** Opening Records for processing block **
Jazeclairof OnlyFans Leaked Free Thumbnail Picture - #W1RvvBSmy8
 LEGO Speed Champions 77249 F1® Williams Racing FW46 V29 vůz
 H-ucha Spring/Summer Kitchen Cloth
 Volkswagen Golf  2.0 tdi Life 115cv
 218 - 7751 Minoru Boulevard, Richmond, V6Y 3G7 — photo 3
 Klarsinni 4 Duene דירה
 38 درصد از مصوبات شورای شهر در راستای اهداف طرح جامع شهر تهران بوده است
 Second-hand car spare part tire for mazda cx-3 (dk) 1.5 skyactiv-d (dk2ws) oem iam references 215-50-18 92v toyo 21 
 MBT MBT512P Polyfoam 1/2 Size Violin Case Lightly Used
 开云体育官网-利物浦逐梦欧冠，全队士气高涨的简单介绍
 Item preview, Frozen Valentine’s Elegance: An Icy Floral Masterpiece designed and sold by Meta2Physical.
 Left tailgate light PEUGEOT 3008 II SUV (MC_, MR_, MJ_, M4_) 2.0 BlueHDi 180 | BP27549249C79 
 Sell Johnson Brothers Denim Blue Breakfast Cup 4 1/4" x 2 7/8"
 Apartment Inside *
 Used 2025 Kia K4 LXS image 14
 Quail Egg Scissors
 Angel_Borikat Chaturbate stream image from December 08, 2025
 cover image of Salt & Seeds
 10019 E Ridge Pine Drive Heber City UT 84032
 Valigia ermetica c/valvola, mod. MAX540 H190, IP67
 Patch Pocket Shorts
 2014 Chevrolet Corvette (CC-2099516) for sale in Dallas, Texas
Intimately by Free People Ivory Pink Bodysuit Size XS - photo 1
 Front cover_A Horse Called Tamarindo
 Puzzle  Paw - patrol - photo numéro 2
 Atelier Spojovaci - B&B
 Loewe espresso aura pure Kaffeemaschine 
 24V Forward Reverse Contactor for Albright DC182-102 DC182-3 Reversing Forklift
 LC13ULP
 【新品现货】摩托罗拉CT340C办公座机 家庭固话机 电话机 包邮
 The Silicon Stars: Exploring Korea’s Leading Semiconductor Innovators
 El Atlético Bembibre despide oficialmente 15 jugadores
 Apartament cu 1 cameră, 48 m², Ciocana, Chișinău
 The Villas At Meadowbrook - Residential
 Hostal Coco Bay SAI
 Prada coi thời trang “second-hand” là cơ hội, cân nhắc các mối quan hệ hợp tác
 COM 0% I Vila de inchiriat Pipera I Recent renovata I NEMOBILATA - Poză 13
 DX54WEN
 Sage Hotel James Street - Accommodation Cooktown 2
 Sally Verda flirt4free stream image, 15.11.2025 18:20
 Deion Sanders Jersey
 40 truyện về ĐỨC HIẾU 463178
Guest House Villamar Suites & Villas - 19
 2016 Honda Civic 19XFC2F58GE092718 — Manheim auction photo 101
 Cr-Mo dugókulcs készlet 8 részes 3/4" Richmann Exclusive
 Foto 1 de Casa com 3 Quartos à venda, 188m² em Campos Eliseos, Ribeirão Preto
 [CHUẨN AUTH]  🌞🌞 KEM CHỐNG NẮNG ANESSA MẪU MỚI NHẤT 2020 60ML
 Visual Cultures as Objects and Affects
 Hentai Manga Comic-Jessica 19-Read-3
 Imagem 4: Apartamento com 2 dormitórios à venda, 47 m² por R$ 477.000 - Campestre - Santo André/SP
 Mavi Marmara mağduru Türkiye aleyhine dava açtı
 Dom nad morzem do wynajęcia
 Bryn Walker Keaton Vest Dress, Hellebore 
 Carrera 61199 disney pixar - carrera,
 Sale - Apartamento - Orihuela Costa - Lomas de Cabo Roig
** Closing Records for processing block **
Problem details :: Where does the string "Size" appear in the records above? Show every line that holds it.

Answer box ::
 MBT MBT512P Polyfoam 1/2 Size Violin Case Lightly Used
Intimately by Free People Ivory Pink Bodysuit Size XS - photo 1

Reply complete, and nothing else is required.